Exercise prompt:
Only one stretch of the data below is needed: the line with "Lyle & Scott Tonal Merino Quarter Zip Jumper" through the last line. Output it exactly and drop the pictures.
═══ Exercise input ═══
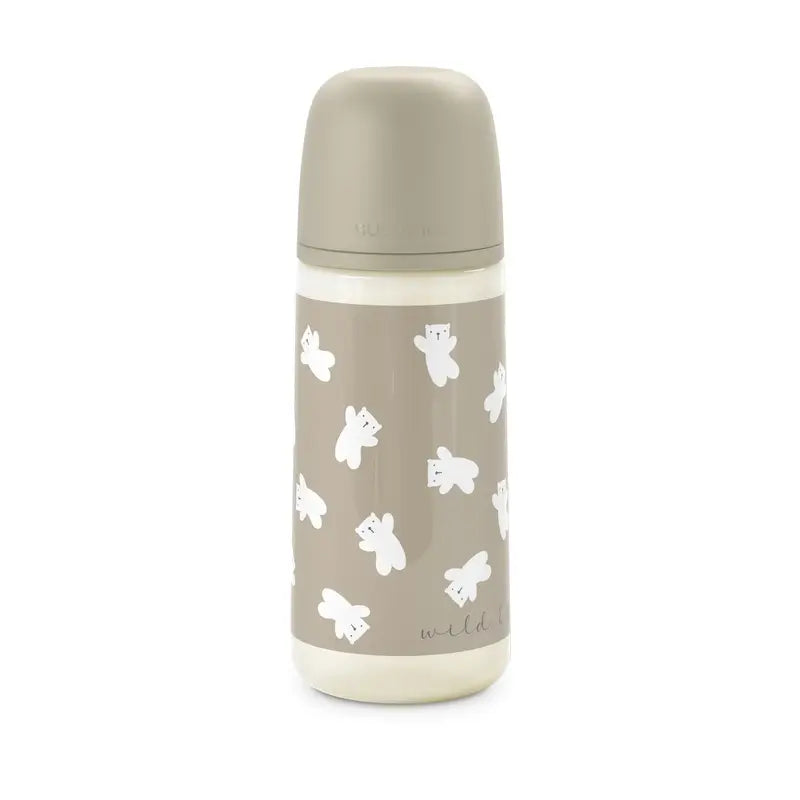 Suavinex Sx Pro Sauger Dense Flow Flasche (L) +6 Monate Wild&Free Beige, 360 ml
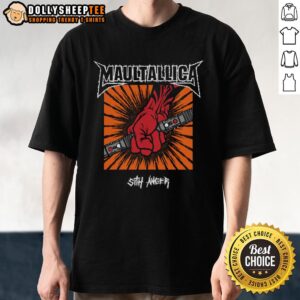 Stylish Maultallic Sith Anger T-Shirt featuring bold graphics for Star Wars fans, perfect for casual wear.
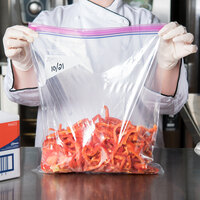 2 Gallon Ziploc Bags Webstaurant Sc Johnson Ziploc 682253 13 Inch X 15 Two Gallon Storage Bag With Double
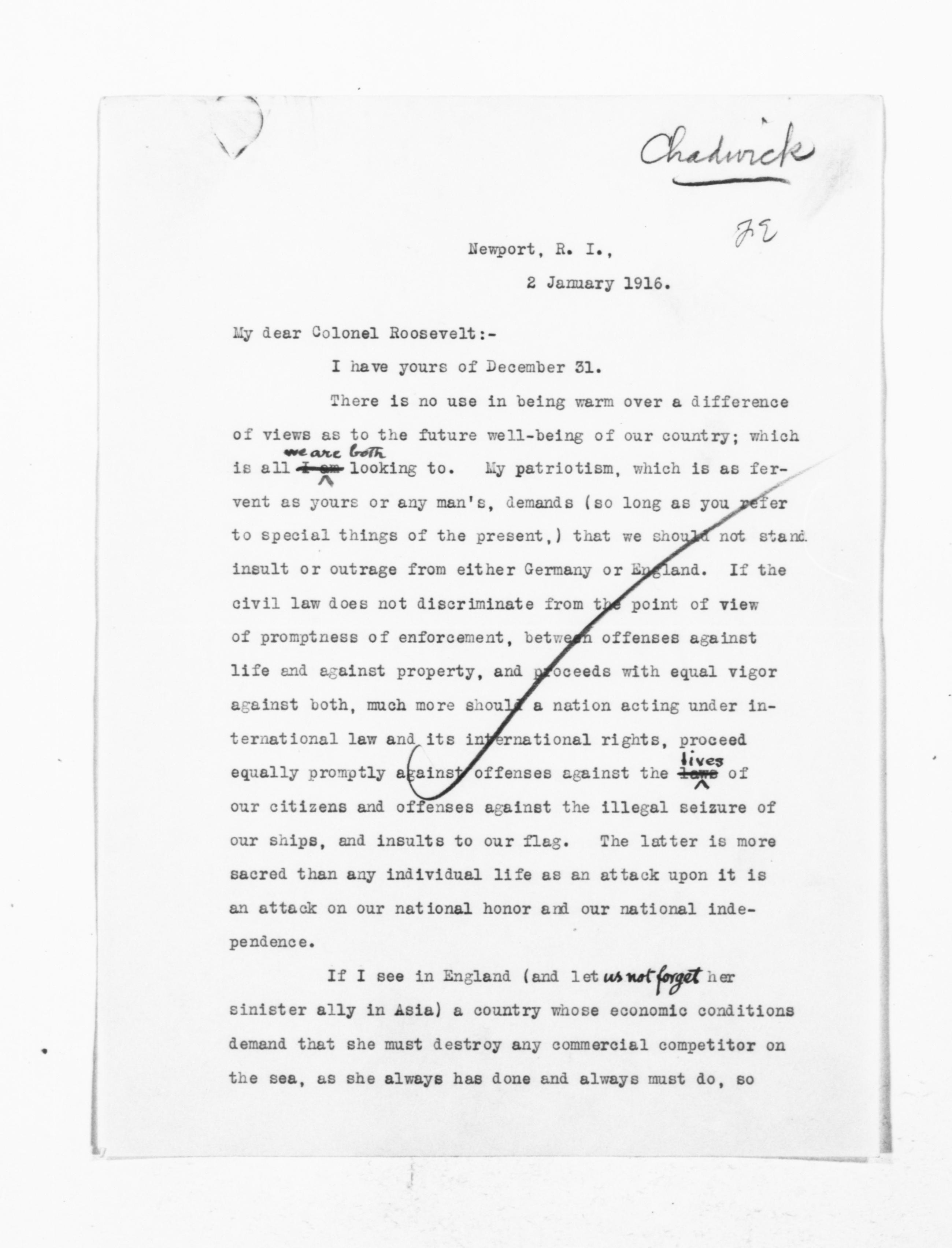 Scanned image of the current content page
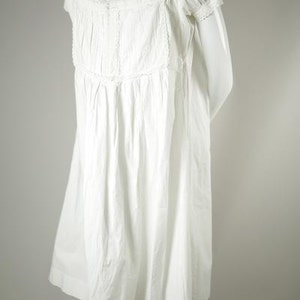 Victorian/ Edwardian Era White Cotton Dress image 3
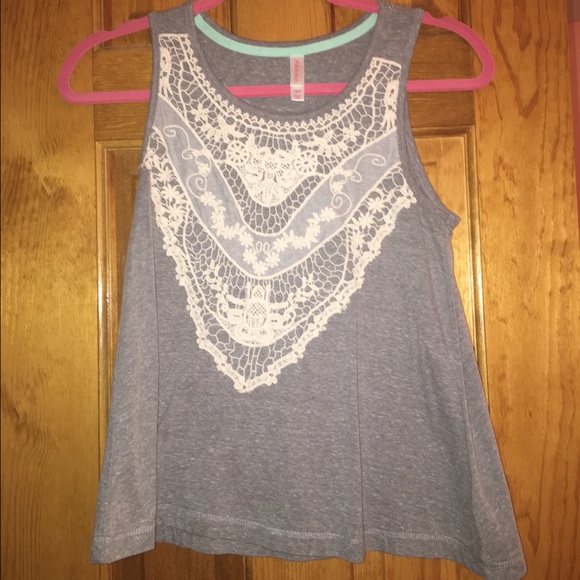 Grey flowy skirt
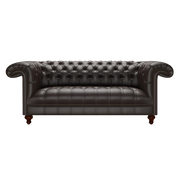 Nelson 3 Sits Chesterfield Soffa Birch Brown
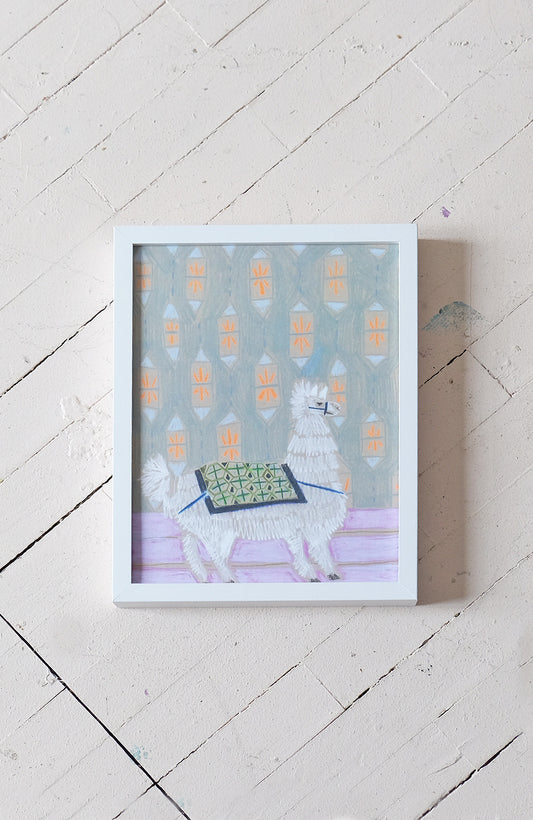 "L" is for Llama - Print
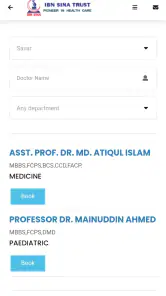 Ibn Sina Doctor Appointment screenshot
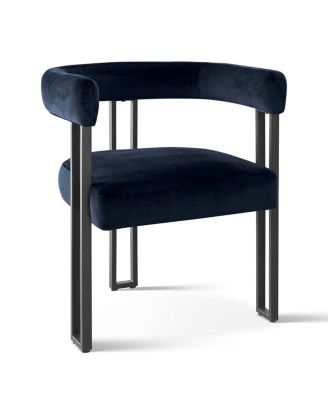 3-Piece 35 Inch Round Dining Table Set with 2 Velvet Chairs, Space-Saving Kitchen & Dining Room Furniture for Small Spaces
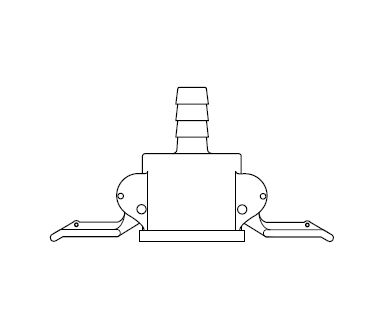 5610780 by NewAge | Cam and Groove Fitting | Type C | Coupler x 1" Hose Barb | EPDM Seal | Polypropylene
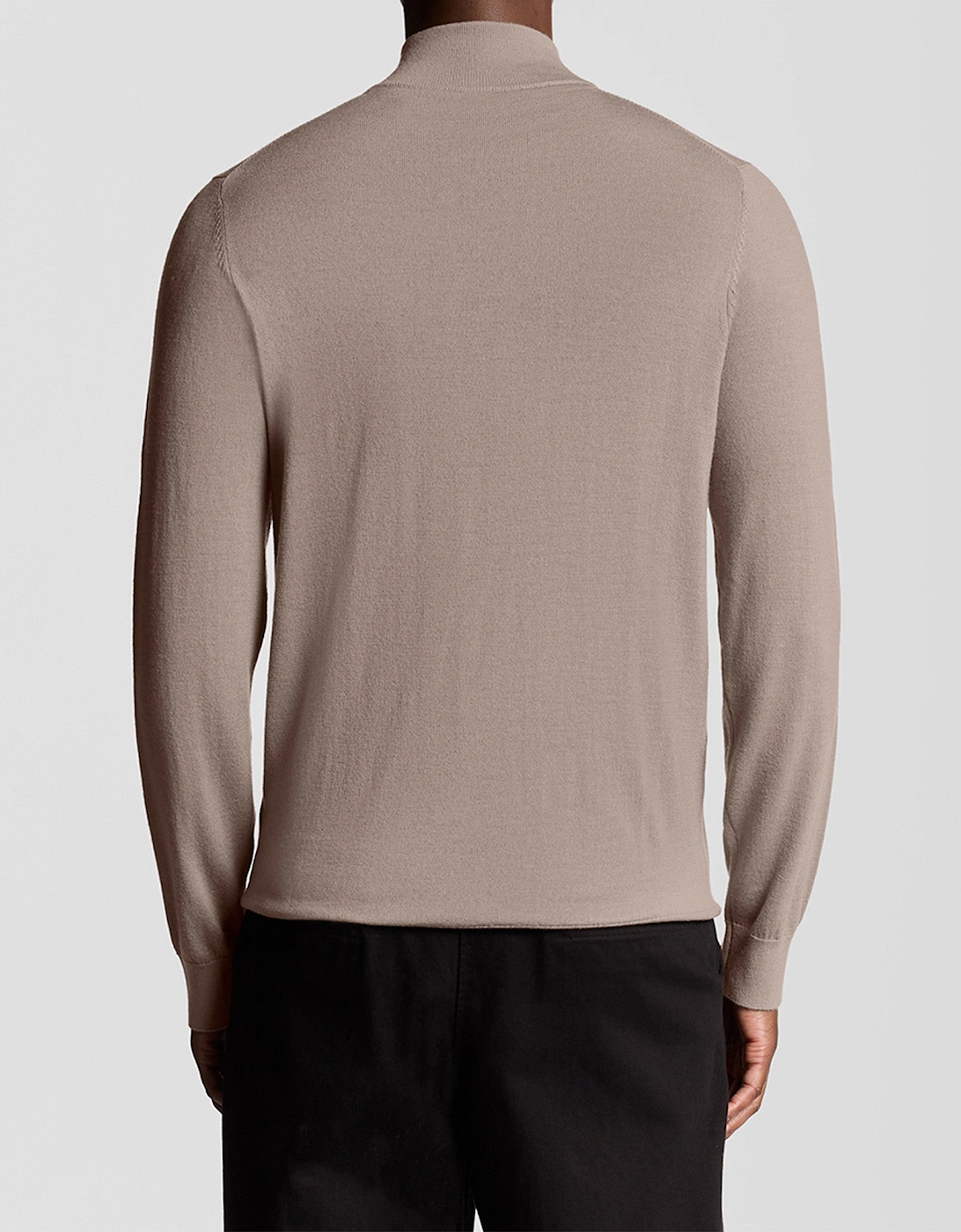 Lyle & Scott Tonal Merino Quarter Zip Jumper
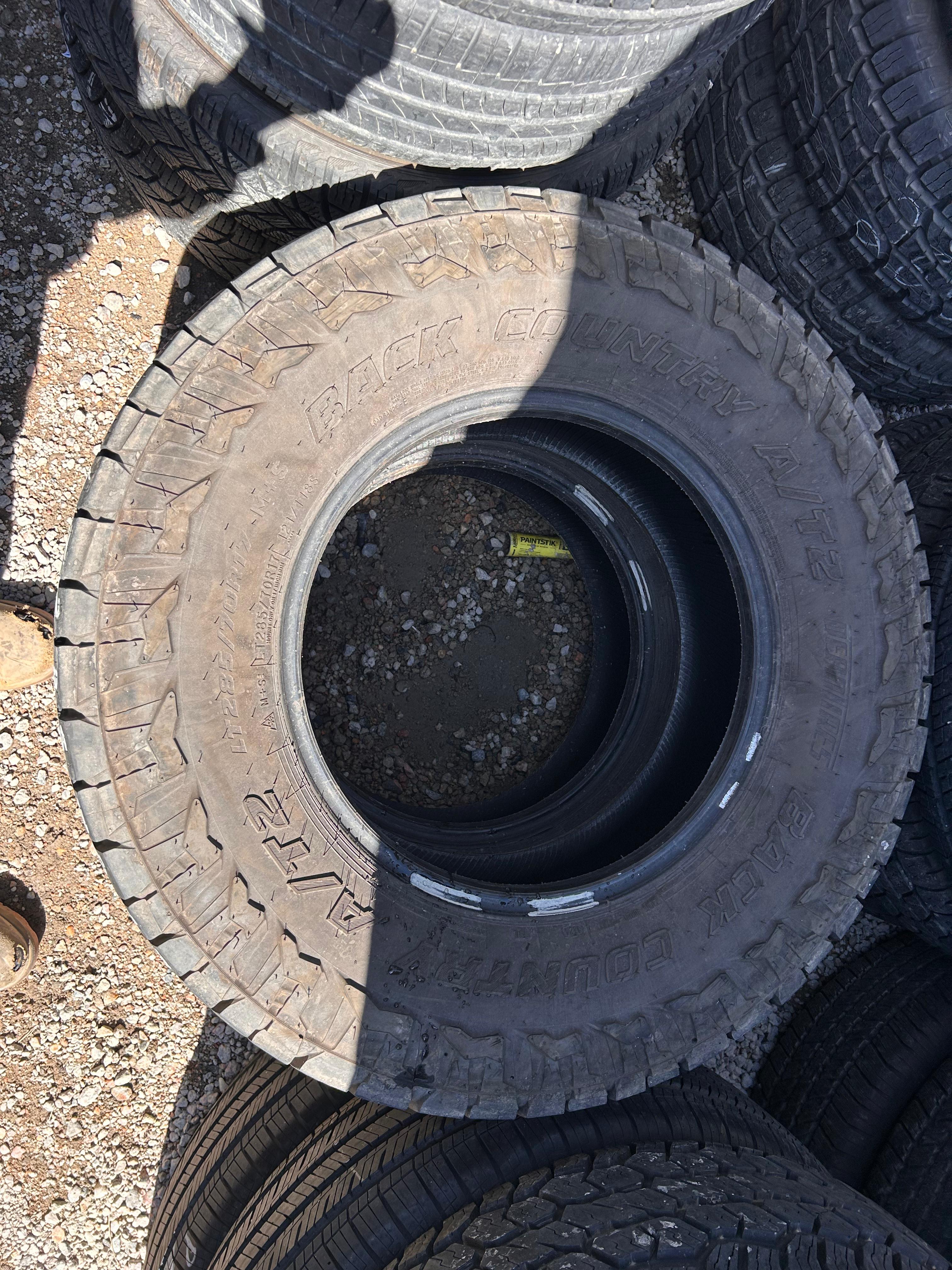 LT285/70R17   Pair (2 Used Tires) Dean Tires Back Country AT2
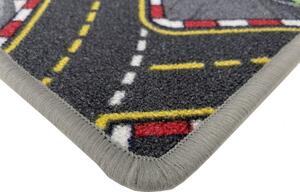 Vopi | Dětský koberec The World od Cars 97 šedý - 60 x 60 cm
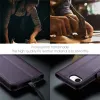 CASEME Litchi Texture Book Wallet Case hoesje voor Apple iPhone 17e/16e - Paars 2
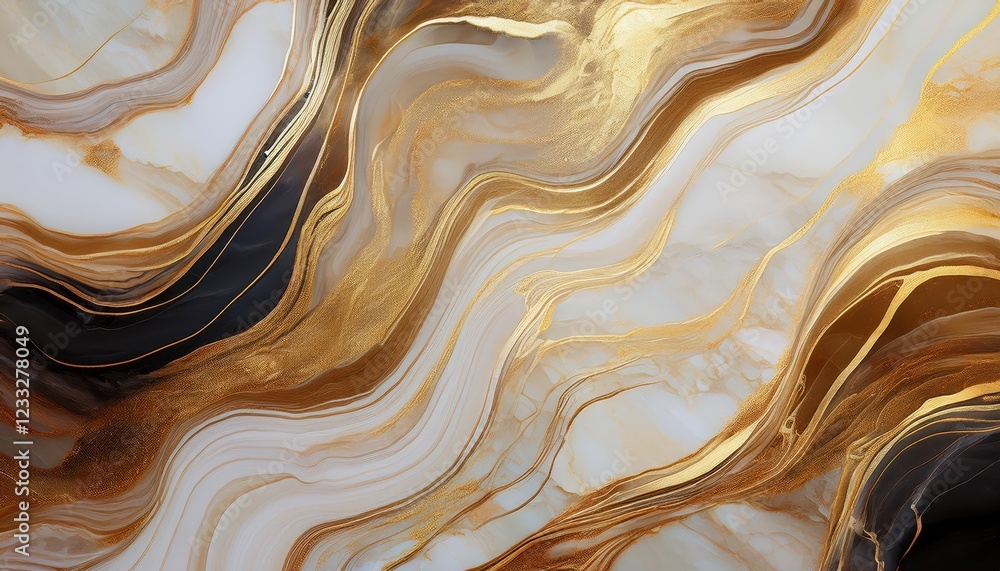 Poster natural marble patterns closeup view of intricate swirls and textures on a timeless marble backgroun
═══
Problem solution:
 Lyle & Scott Tonal Merino Quarter Zip Jumper
 LT285/70R17   Pair (2 Used Tires) Dean Tires Back Country AT2
 Vopi | Dětský koberec The World od Cars 97 šedý - 60 x 60 cm
 CASEME Litchi Texture Book Wallet Case hoesje voor Apple iPhone 17e/16e - Paars 2
 Poster natural marble patterns closeup view of intricate swirls and textures on a timeless marble backgroun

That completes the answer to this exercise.